In the second half of the work, Asia, Orc creates fire in the mind that causes kings to be startled and an apocalypse of sorts to start:

The Grave shrieks with delight, & shakes
Her hollow womb, & clasps the solid stem:
Her bosom swells with wild desire:
And mild & blood & glandous wine
In rivers rush & shout & dance,
On mountain, dale and plain.

— Plate 7, lines 35-40

==Themes==
The Song of Los is connected to both America and Europe in that it describes Africa and Asia, which operate as a sort of frame to the other works. As such, the three works are united by the same historical and social themes. The "Africa" section of the poem summarizes Blake's historical cycles, which describes a three-part tyrannous power of Egypt, Babylon and Rome. Of this summary, the line "The Guardian Prince of Albion burns in his nightly tent" appears, which is also the first line of America a Prophecy. The section "Asia" follows the actions in America a Prophecy and describes a worldwide revolution in an apocalyptic state. There are many similarities between the way Orc is described within the poem, a pillar of fire that burns oppression away, and how Fingal of Macpherson's Fingal is described. Fingal, in the Ossian work, is a good character that defends the oppressed against the Norse and the Romans. As Fingal fights imperialism, Orc fights against Urizen's rationality, and they both seek to free their people.

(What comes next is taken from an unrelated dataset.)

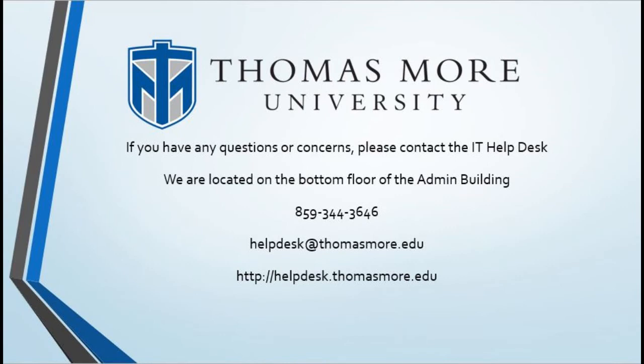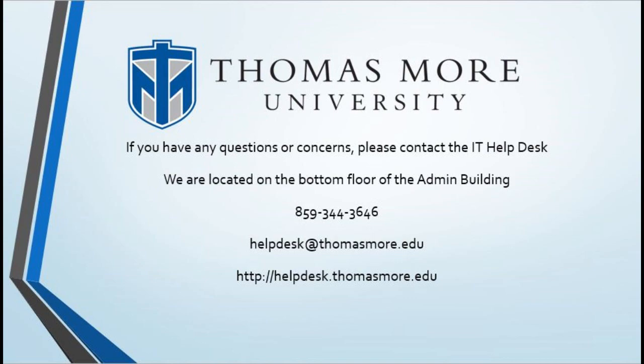If you have any further questions or concerns, please feel free to contact us. You can give us a call at 859-344-3646, or you can put a Help Desk ticket in at helpdesk.thomasmore.edu. Thank you.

The work closely follows the idea of biblical prophecy in that it is brief and concentrated. The first section condenses the history of religion, but does so in a non-chronological manner. His history relies on Urizen to establish the various historical moments as incidents, and the type of order within the poem is similar to the prophetic narrative. The prophetic image is also embodied within the work by Los, who, when he submits to the system created by Urizen, loses his prophetic ability. In addition to the prophetic aspects, the work deals with religion as a whole. The first section describes the origin of priestcraft and the origins of religion, which is established through a bardic form of poetry.

==Critical response==
Jon Mee claims that "Nowhere is Blake's interest in comparative religion more obvious than in The Song of Los".